*** DATA IN THIS EXERCISE Section Begins ***
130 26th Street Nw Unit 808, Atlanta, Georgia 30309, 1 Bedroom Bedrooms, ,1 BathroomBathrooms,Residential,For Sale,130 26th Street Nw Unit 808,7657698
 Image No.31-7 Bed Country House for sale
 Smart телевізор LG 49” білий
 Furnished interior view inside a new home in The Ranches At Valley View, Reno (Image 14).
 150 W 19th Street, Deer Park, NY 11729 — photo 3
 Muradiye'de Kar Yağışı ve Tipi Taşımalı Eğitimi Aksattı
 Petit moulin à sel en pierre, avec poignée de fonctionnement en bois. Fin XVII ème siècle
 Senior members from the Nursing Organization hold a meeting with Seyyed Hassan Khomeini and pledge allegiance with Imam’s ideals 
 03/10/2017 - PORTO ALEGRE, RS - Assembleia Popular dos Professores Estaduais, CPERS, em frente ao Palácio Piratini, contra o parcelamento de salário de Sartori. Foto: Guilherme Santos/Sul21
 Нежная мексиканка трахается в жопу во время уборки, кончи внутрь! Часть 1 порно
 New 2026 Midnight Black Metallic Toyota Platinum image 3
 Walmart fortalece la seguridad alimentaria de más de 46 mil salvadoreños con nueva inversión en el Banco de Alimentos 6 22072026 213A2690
*** DATA IN THIS EXERCISE Section Ends ***
■ **YOUR ASSIGNMENT**: Give the entries once more, exactly as they appear.

■ **ANSWER BOX**:
130 26th Street Nw Unit 808, Atlanta, Georgia 30309, 1 Bedroom Bedrooms, ,1 BathroomBathrooms,Residential,For Sale,130 26th Street Nw Unit 808,7657698
 Image No.31-7 Bed Country House for sale
 Smart телевізор LG 49” білий
 Furnished interior view inside a new home in The Ranches At Valley View, Reno (Image 14).
 150 W 19th Street, Deer Park, NY 11729 — photo 3
 Muradiye'de Kar Yağışı ve Tipi Taşımalı Eğitimi Aksattı
 Petit moulin à sel en pierre, avec poignée de fonctionnement en bois. Fin XVII ème siècle
 Senior members from the Nursing Organization hold a meeting with Seyyed Hassan Khomeini and pledge allegiance with Imam’s ideals 
 03/10/2017 - PORTO ALEGRE, RS - Assembleia Popular dos Professores Estaduais, CPERS, em frente ao Palácio Piratini, contra o parcelamento de salário de Sartori. Foto: Guilherme Santos/Sul21
 Нежная мексиканка трахается в жопу во время уборки, кончи внутрь! Часть 1 порно
 New 2026 Midnight Black Metallic Toyota Platinum image 3
 Walmart fortalece la seguridad alimentaria de más de 46 mil salvadoreños con nueva inversión en el Banco de Alimentos 6 22072026 213A2690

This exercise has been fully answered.